Description of the task:
Pictures are to be omitted. Output only the lines from the one containing "NFFAN Wholesale Customized" through the end of the data, word for word.

Task input START

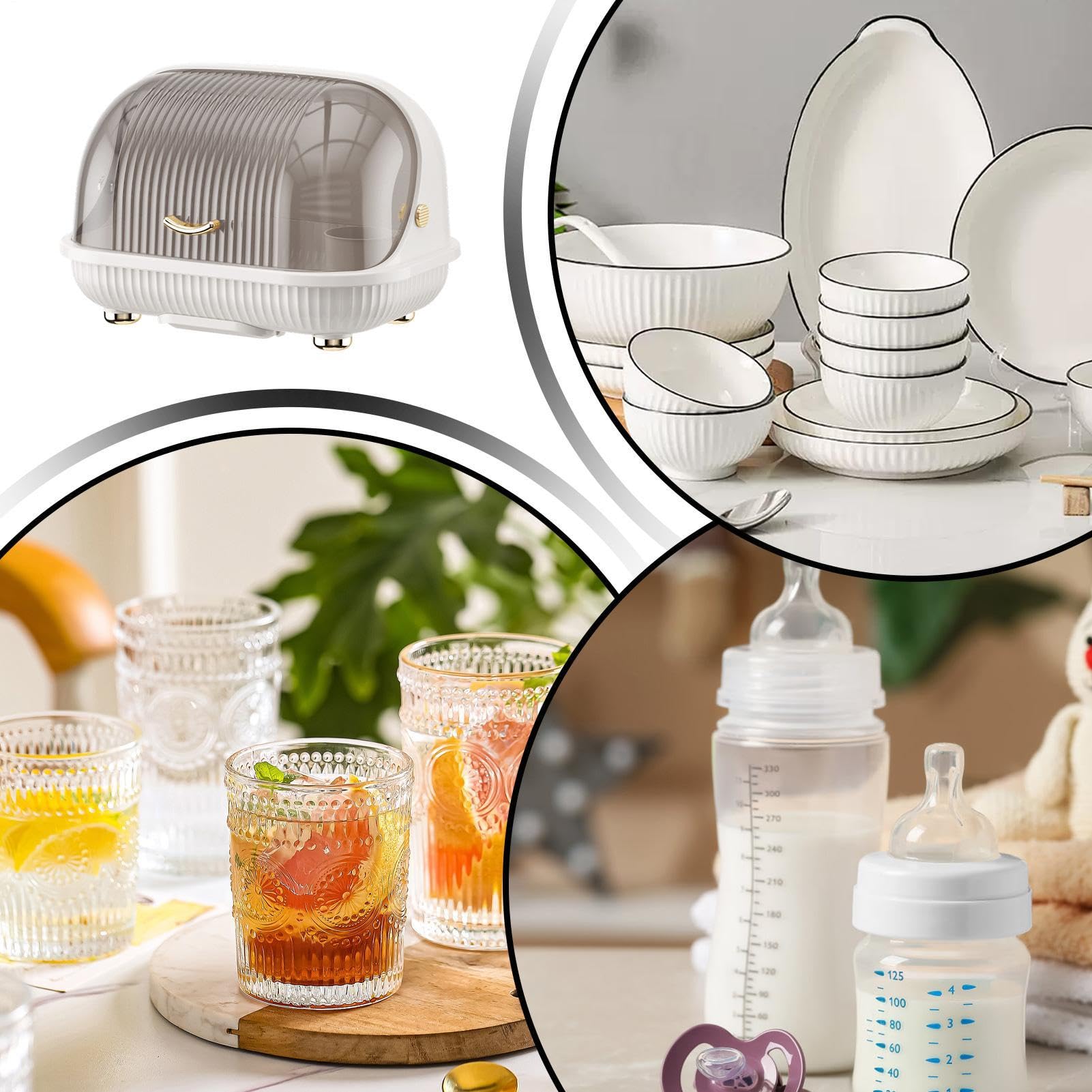 Escurridor de Platos con Tapa Polvo y Asa | Escurridor de Cocina para Tazas, Biberones, Platos, Vasos, Apartamento Pequeño, Autocaravana, Despensa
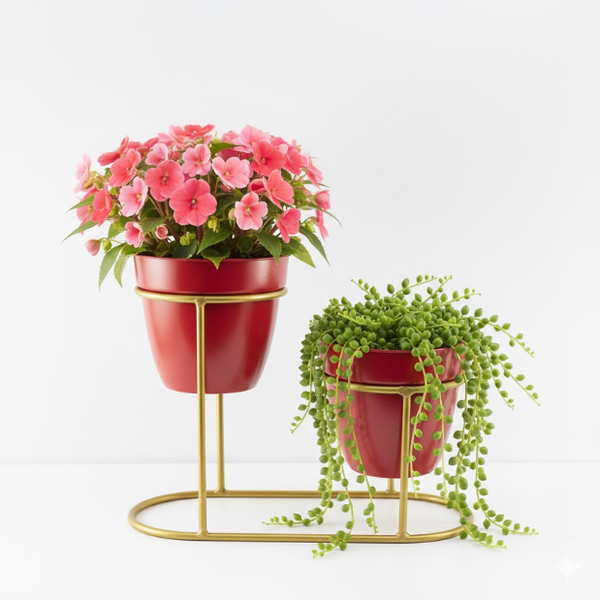 Ruby Red Three-Pot Steel Table Planter Stand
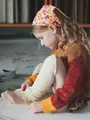 キッズ SIZE FREE リブレッグウォーマー バニラ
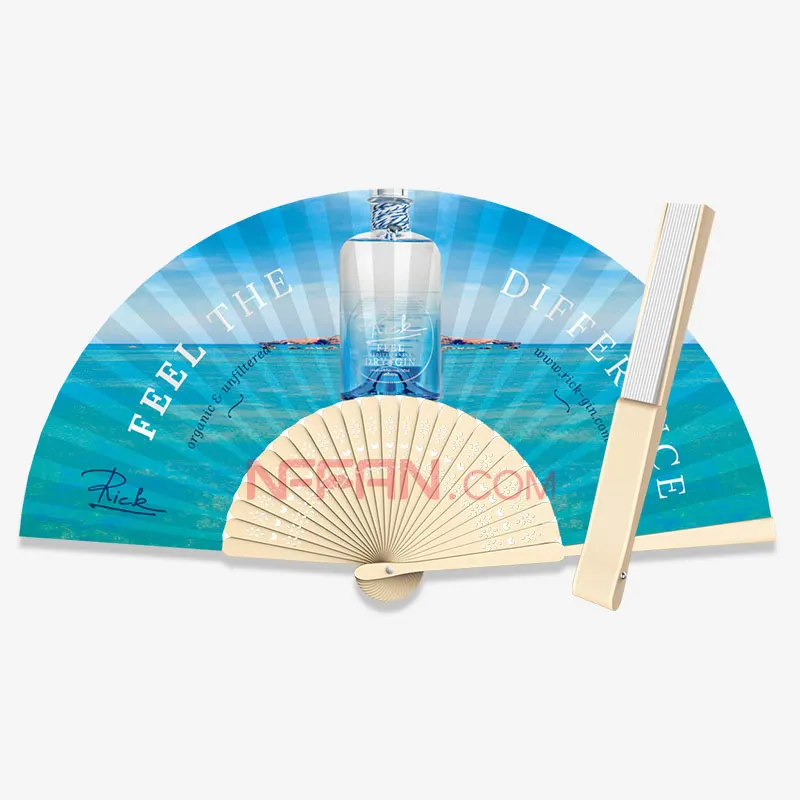 NFFAN Wholesale Customized Promotion Printed Bamboo Fabric Folding Fans artwork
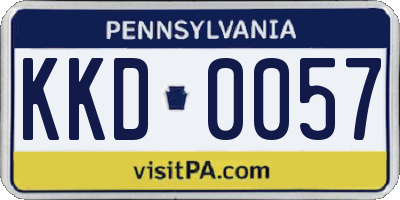 PA license plate KKD0057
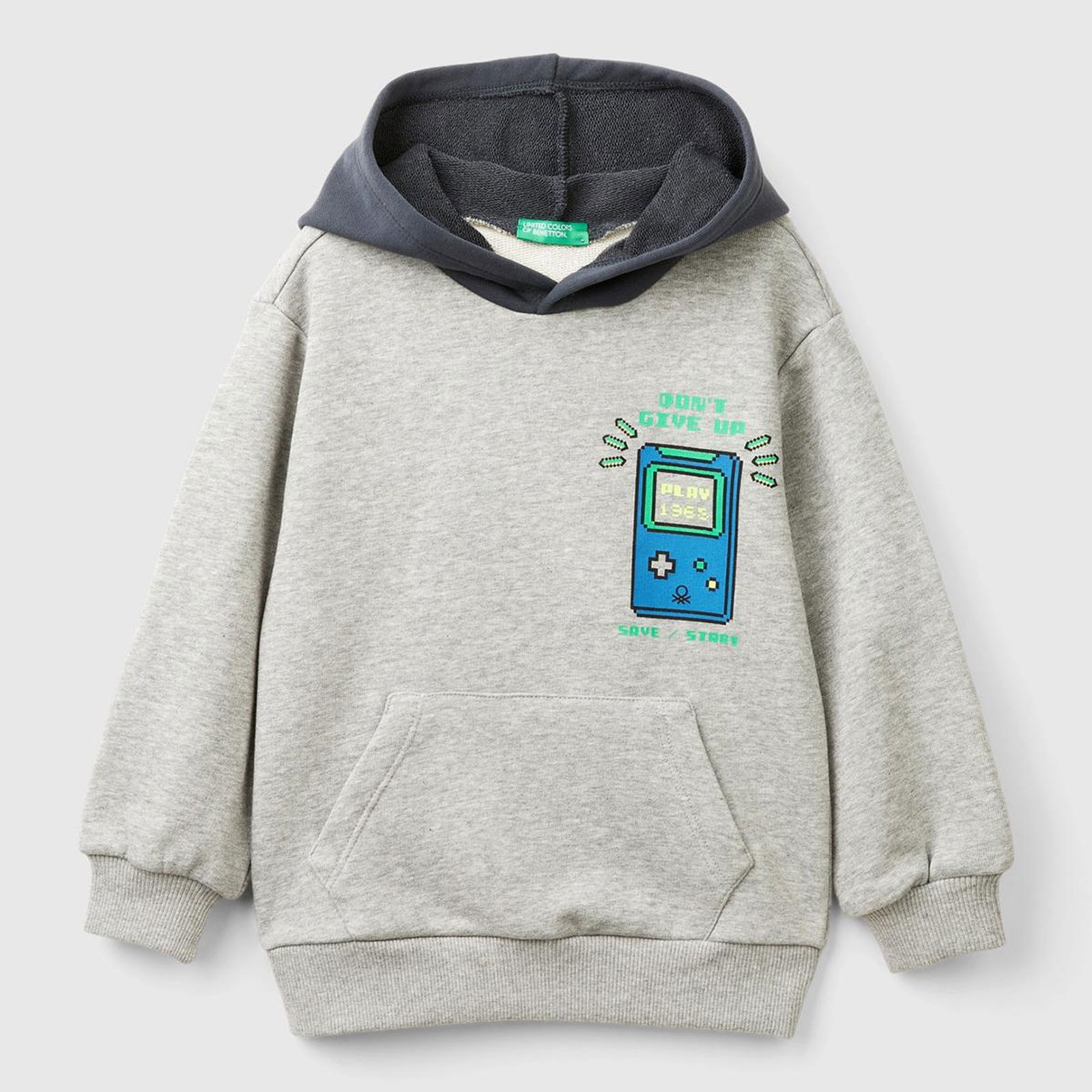 Erkek Çocuk Gri Melanj Önü Baskılı Kapüşonu Kontrast Renkli Kanguru Cepli Sweatshirt
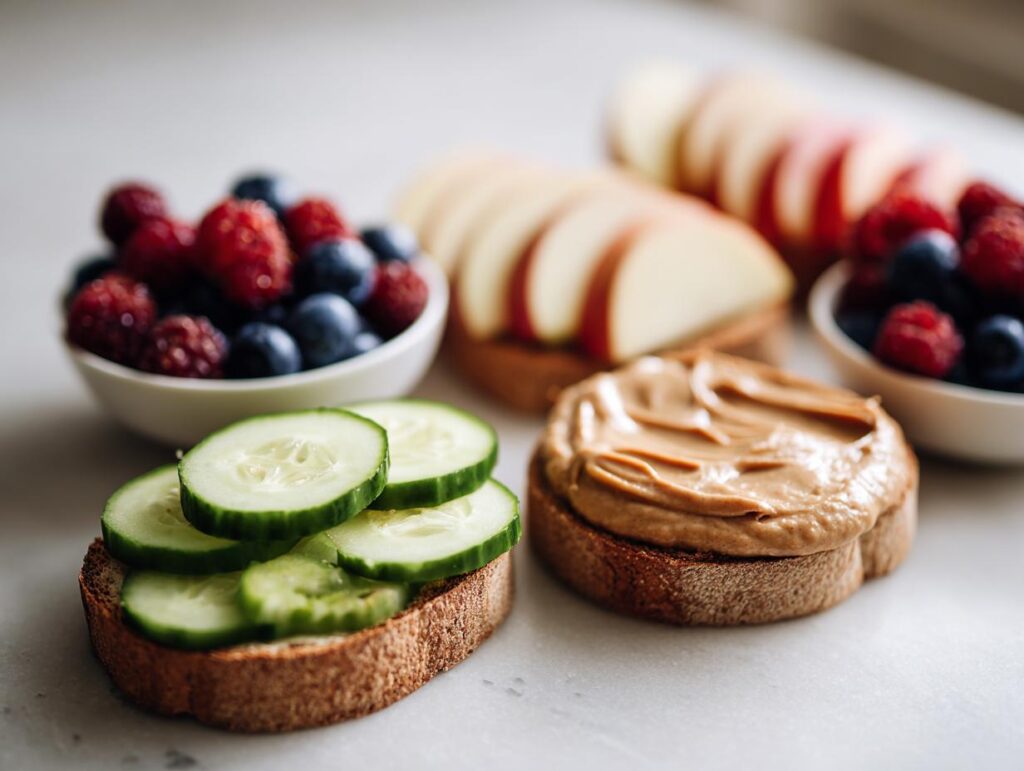Selection of 20 Low-Calorie Snacks for Cravings: toasts with cucumber, peanut butter, apple and berries.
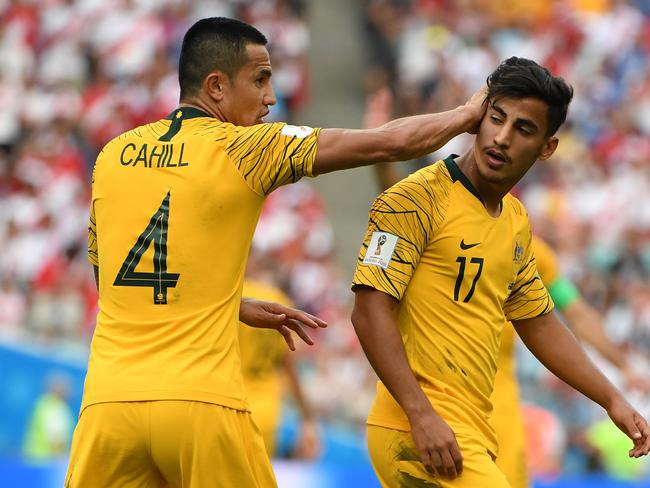 Were Tim Cahill and Daniel Arzani used to the best of their ability? Pic: AAP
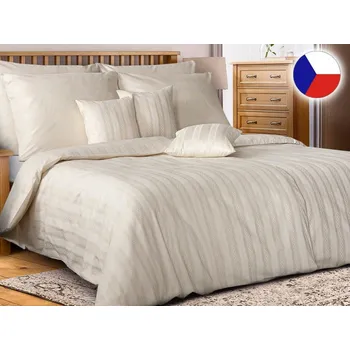 Povlečení Damaškové povlečení EXCELLENT 220x200, 2x 70x90 GEON Krajková linie krémová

Task input END

Output below:
 NFFAN Wholesale Customized Promotion Printed Bamboo Fabric Folding Fans artwork
 PA license plate KKD0057
 Erkek Çocuk Gri Melanj Önü Baskılı Kapüşonu Kontrast Renkli Kanguru Cepli Sweatshirt
Selection of 20 Low-Calorie Snacks for Cravings: toasts with cucumber, peanut butter, apple and berries.
 Were Tim Cahill and Daniel Arzani used to the best of their ability? Pic: AAP
 Povlečení Damaškové povlečení EXCELLENT 220x200, 2x 70x90 GEON Krajková linie krémová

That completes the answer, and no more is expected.